A bytes object is an immutable array. The items are 8-bit bytes, represented by integers in the range 0 <= x < 256. Bytes literals (like b'abc') and the built-in bytes() constructor can be used to create bytes objects. Also, bytes objects can be decoded to strings via the decode() method.

Mutable sequences

Mutable sequences can be changed after they are created. The subscription and slicing notations can be used as the target of assignment and del (delete) statements.

There are currently two intrinsic mutable sequence types:

Lists

The items of a list are arbitrary Python objects. Lists are formed by placing a comma-separated list of expressions in square brackets. (Note that there are no special cases needed to form lists of length 0 or 1.)

Byte Arrays

A bytearray object is a mutable array. They are created by the built-in bytearray() constructor. Aside from being mutable (and hence unhashable), byte arrays otherwise provide the same interface and functionality as immutable bytes objects.

The extension module array provides an additional example of a mutable sequence type, as does the collections module.

Set types

These represent unordered, finite sets of unique, immutable objects.
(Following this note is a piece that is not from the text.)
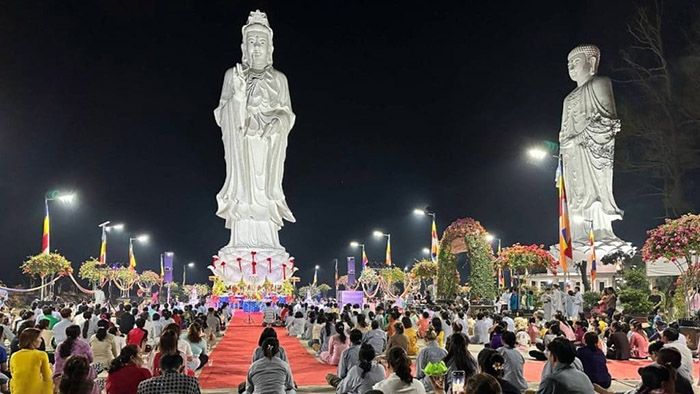 Chùa Núi Nổi An Giang - Khung cảnh mang lại cảm giác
As such, they cannot be indexed by any subscript. However, they can be iterated over, and the built-in function len() returns the number of items in a set. Common uses for sets are fast membership testing, removing duplicates from a sequence, and computing mathematical operations such as intersection, union, difference, and symmetric difference.

For set elements, the same immutability rules apply as for dictionary keys. Note that numeric types obey the normal rules for numeric comparison: if two numbers compare equal (e.g., 1 and 1.0), only one of them can be contained in a set.
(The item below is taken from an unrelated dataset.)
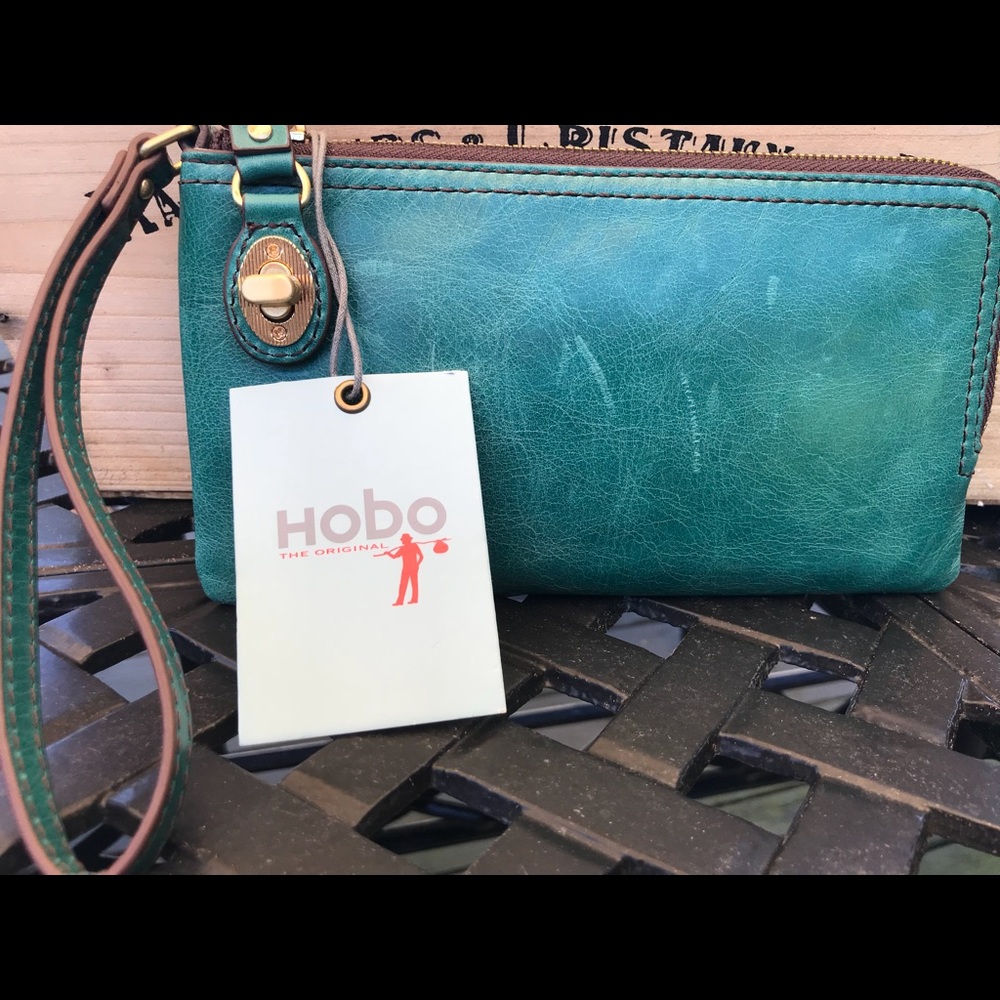 Wristlet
There are currently two intrinsic set types:

Sets

These represent a mutable set. They are created by the built-in set() constructor and can be modified afterwards by several methods, such as add().

Frozen sets

These represent an immutable set. They are created by the built-in frozenset() constructor. As a frozenset is immutable and hashable, it can be used again as an element of another set, or as a dictionary key.

Mappings

These represent finite sets of objects indexed by arbitrary index sets. The subscript notation a[k] selects the item indexed by k from the mapping a; this can be used in expressions and as the target of assignments or del statements. The built-in function len() returns the number of items in a mapping.

There is currently a single intrinsic mapping type:

Dictionaries

These represent finite sets of objects indexed by nearly arbitrary values. The only types of values not acceptable as keys are values containing lists or dictionaries or other mutable types that are compared by value rather than by object identity, the reason being that the efficient implementation of dictionaries requires a key’s hash value to remain constant. Numeric types used for keys obey the normal rules for numeric comparison: if two numbers compare equal (e.g., 1 and 1.0) then they can be used interchangeably to index the same dictionary entry.
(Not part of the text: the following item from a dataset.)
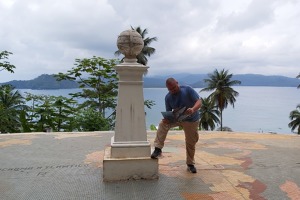 Tomáš Zach s Flying Revue na místě, kde se protíná rovník s nultým poledníkem na ostrůvku Ilhéu Das Rolas v Guinejském zálivu.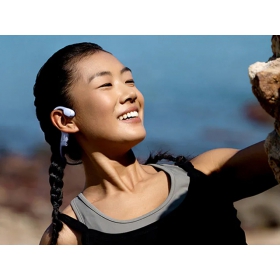 【快訊】聖誕送禮耳機怎麼選？斜掛式零感佩戴新體驗　骨傳導式解放雙耳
Dictionaries preserve insertion order, meaning that keys will be produced in the same order they were added sequentially over the dictionary. Replacing an existing key does not change the order, however removing a key and re-inserting it will add it to the end instead of keeping its old place.

Dictionaries are mutable; they can be created by the {...} notation (see section Dictionary displays).

The extension modules dbm.ndbm and dbm.gnu provide additional examples of mapping types, as does the collections module.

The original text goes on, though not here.